◆ EXERCISE AIM
The answer must be an exact copy of the lines from the one containing "this 1080×808 image." through the end of the records, with the pictures left out.

◆ RECORDS SHOWN
※
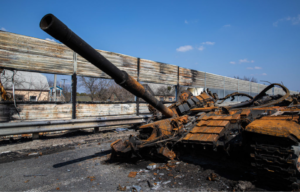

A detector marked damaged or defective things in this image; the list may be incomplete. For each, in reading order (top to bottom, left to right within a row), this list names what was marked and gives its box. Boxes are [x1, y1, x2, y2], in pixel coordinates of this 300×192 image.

charred metal debris [41, 13, 300, 189]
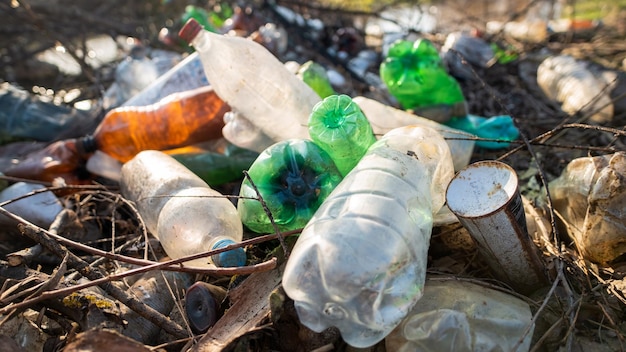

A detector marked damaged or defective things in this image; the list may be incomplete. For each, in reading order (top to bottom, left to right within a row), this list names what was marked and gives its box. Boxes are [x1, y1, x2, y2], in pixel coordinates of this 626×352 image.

rusty metal cup [444, 161, 544, 292]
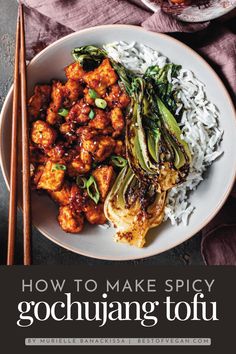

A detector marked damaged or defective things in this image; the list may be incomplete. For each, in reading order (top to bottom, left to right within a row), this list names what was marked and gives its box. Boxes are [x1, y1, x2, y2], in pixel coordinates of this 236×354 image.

charred bok choy [72, 45, 192, 248]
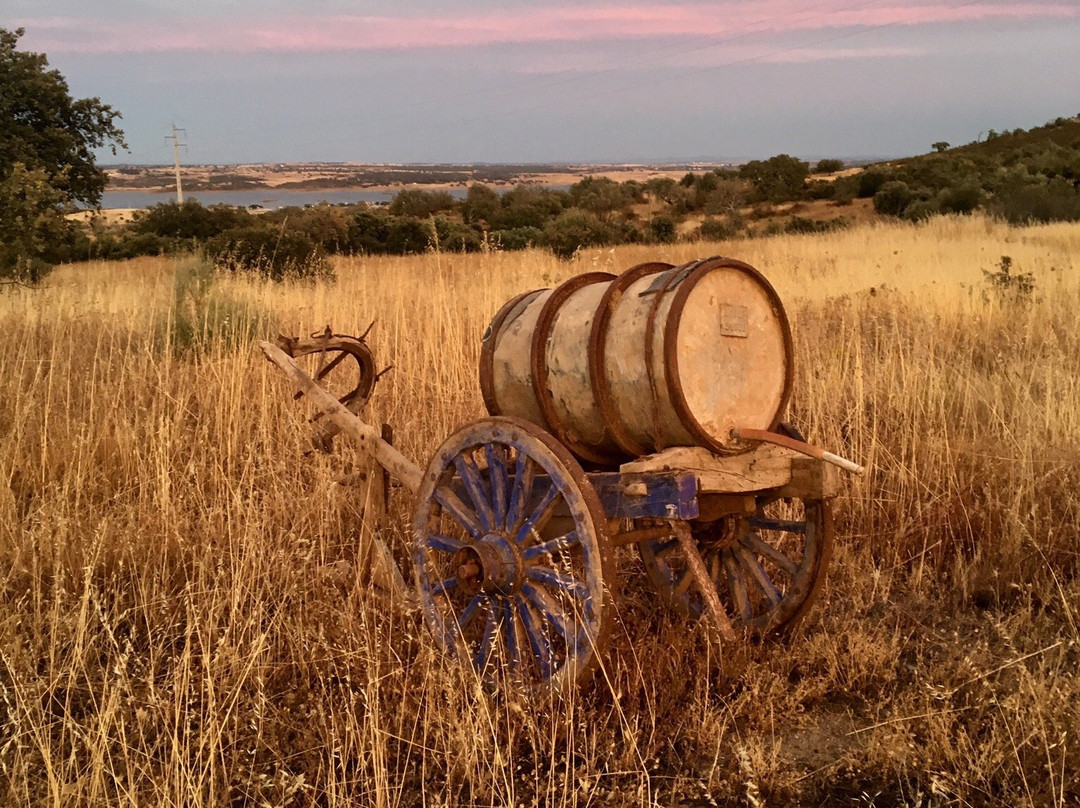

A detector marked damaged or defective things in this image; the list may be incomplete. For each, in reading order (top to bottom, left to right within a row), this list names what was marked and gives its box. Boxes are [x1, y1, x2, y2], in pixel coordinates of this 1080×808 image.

rusted metal hoop [481, 289, 544, 416]
rusted metal hoop [529, 270, 617, 460]
rusted metal hoop [587, 262, 669, 458]
rusted metal hoop [656, 259, 794, 453]
rusty metal rod [730, 425, 864, 477]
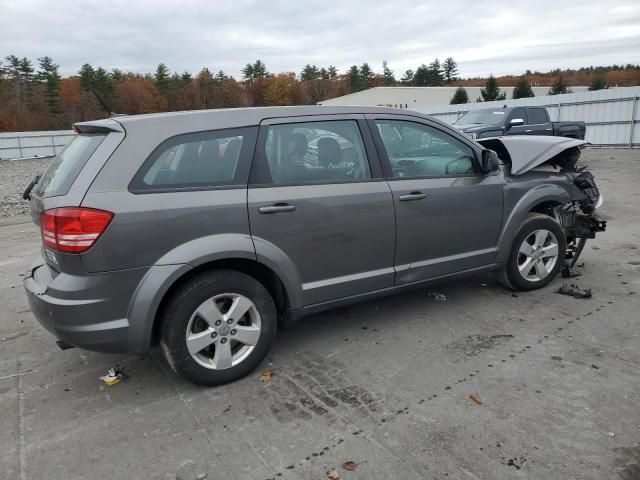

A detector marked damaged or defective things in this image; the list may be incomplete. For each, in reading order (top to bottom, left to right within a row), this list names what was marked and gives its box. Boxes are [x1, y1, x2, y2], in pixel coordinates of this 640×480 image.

crumpled hood [478, 136, 588, 175]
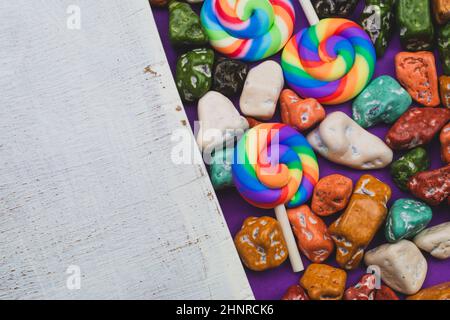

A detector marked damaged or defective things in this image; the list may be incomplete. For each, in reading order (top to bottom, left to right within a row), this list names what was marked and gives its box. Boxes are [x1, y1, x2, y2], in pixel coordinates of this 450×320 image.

chipped white paint [0, 0, 253, 300]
※
◆ TASK ANSWER
A detector marked damaged or defective things in this image; the list may be incomplete. For each, in reading order (top to bottom, left to right within a row), this list names what was marked and gives its box. Boxes are [x1, y1, x2, y2], in pixel coordinates of this 1080×808 image.

rusted metal hoop [481, 289, 544, 416]
rusted metal hoop [529, 270, 617, 460]
rusted metal hoop [587, 262, 669, 458]
rusted metal hoop [656, 259, 794, 453]
rusty metal rod [730, 425, 864, 477]

A detector marked damaged or defective things in this image; the list may be incomplete. For each, in reading order (top to bottom, left to right within a row), this list names what was marked and gives its box. Boxes are [x1, y1, x2, y2], in pixel coordinates of this 640×480 image.

crumpled hood [478, 136, 588, 175]

A detector marked damaged or defective things in this image; the list may be incomplete. For each, in reading order (top to bottom, left to right within a row), this list names what was marked and gives its box. Boxes are [x1, y1, x2, y2], in pixel coordinates of this 450×320 image.

chipped white paint [0, 0, 253, 300]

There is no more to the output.